连续两个星期的大晴天,在六月份的英国简直如同梅林再世。
太阳长长久久地悬挂着,照的人心里发慌。
丽塔整理好自己的稿子,把绿色的羽毛笔插进口袋。笔尖硌着肋骨,时刻提醒她疼痛和权力是同一种东西。
救世主站在奥利凡德店门口,破眼镜反射着阳光。
丽塔躲在弗洛林冷饮店的阴影里,像个真正的观看者。
巫师们围着他,笑着,喊着,把 "救世主" 的名字嚼得津津有味。
哈利?波特的声音很小,带着茫然:"谢谢... 我... 我叫哈利。"
不是 "救世主",不是 "波特家的小子",只是 "哈利"。
丽塔突然想笑 —— 他还不知道,从今天起,他再也不是 "只是哈利" 了。
多洛雷斯... 她会怎么看这个男孩?粉色的,甜腻的,带着毒刺的 "欢迎"?
家里的壁炉烧得正旺。
丽塔的绿裙子,乌姆里奇的粉套装,像两杯被打翻的颜料,在混杂在一起。
丽塔坐在沙发上,没看旁边的乌姆里奇,指尖无意识地在桌面划出一个圈,又在圈中央点了个点,“我们只是小人物。”
我们都是小人物。
只有当大人物没看见我们时,才能偷偷搅弄一点风云。
现在他来了,那个大难不死的男孩,带着他的伤疤和眼镜,像一块巨大的磁铁,吸走了所有的目光。

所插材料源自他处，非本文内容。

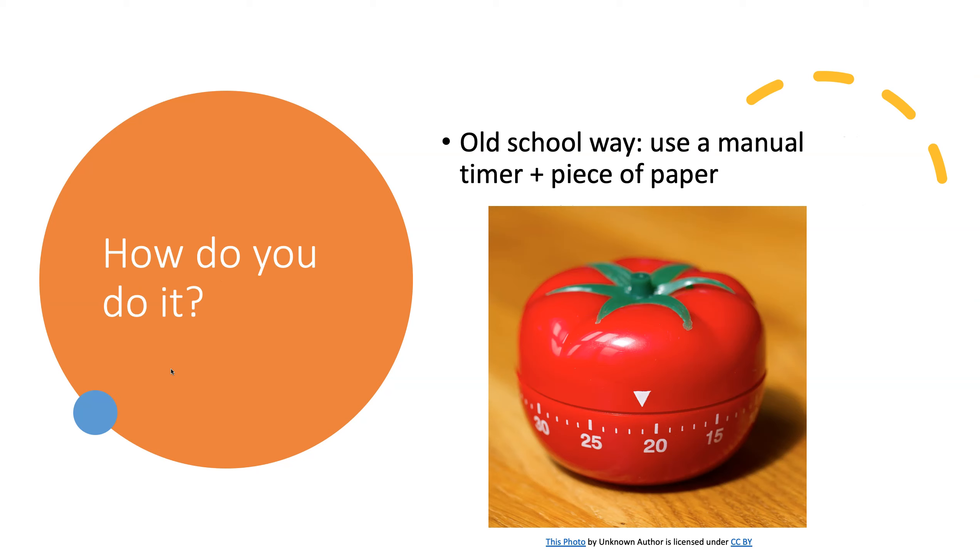The way that it was originally done was using a kitchen timer — that's where the name comes from. Pomodoro means tomato in Italian, and the author had a tomato timer that he would turn on for 25 minutes. He'd work and then he'd have a little piece of paper where he would record the number of Pomodoro blocks that he had done.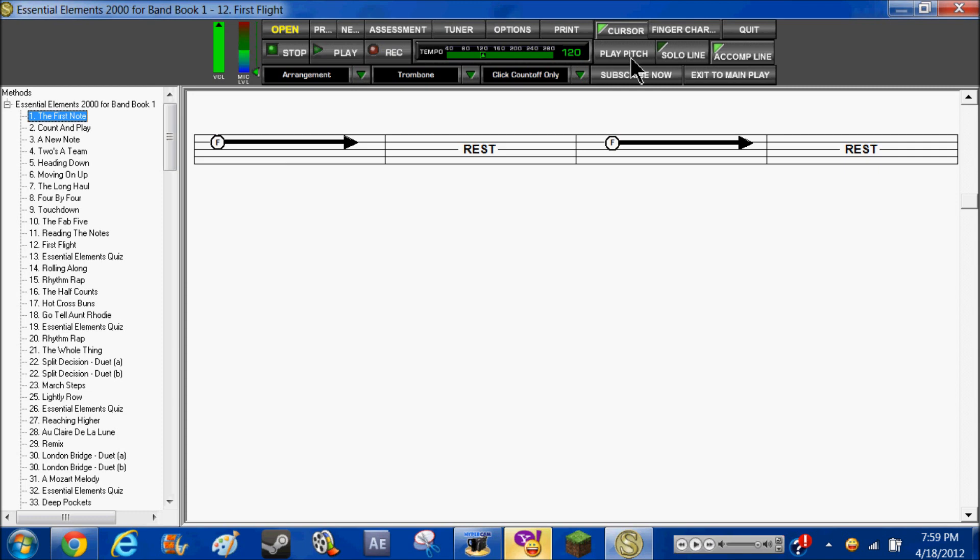You can play pitch — solo or accompanied. And you can do counter off or have it on. With arrangements, you can record your songs and send them to people and stuff. And here I'll show you how the tuner works.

乌姆里奇咯咯笑起来,声音像生锈的铰链,"亲爱的,我们从来就没在 ' 上面 ' 过。" 她凑近,粉色发箍几乎碰到丽塔的额头,"但我们现在可以站在离上面最近的地方。只要我们够聪明,够脏。"
够脏。
丽塔想起 1985 年的雨夜,想起 1990 年克劳奇退选的那个下午,想起这些年自己笔下那些半真半假的文字。
我们确实够脏,脏得长出了锈,脏得连阳光都照不进来。
乌姆里奇突然抓住丽塔的手按向火焰。灼热感瞬间窜上手臂,丽塔想抽回手,却被她死死按住 —— 她的指甲掐进丽塔的血肉里,带着一种近乎残忍的狂热。
"感觉到了吗?" 乌姆里奇的声音甜腻得发苦,眼睛里闪烁着不属于人类的光,"权力就是这种温度... 像被火焰灼烧,却舍不得放手。"
"哪怕只碰一瞬间,丽塔。" 她突然凑近,发箍上的人造宝石在火光中形成诡异的阴影,"就像飞蛾扑向火焰,被烧成灰烬也值得。他们说... 黑魔王会回来。"
丽塔终于挣脱,掌心留下五道红痕。
乌姆里奇的指尖却短暂停留在伤口处,"下手重了..." 声音低得像耳语,随即恢复甜腻:"谁让你总是说这些不着边际的话。"
丽塔看着她映在酒杯里的脸 —— 扭曲,狂热,像 1964 年那个躲在图书馆写恶咒草稿的女孩,只是这次她的草稿上写满了 "权力" 与 "毁灭"。
"飞蛾才会扑火,多洛雷斯。" 丽塔用绿葡萄酒在桌面上画了个圈,圈内是乌姆里奇的倒影,“黑魔王不是结局,救世主也不是,我们的结局可以在十年后。”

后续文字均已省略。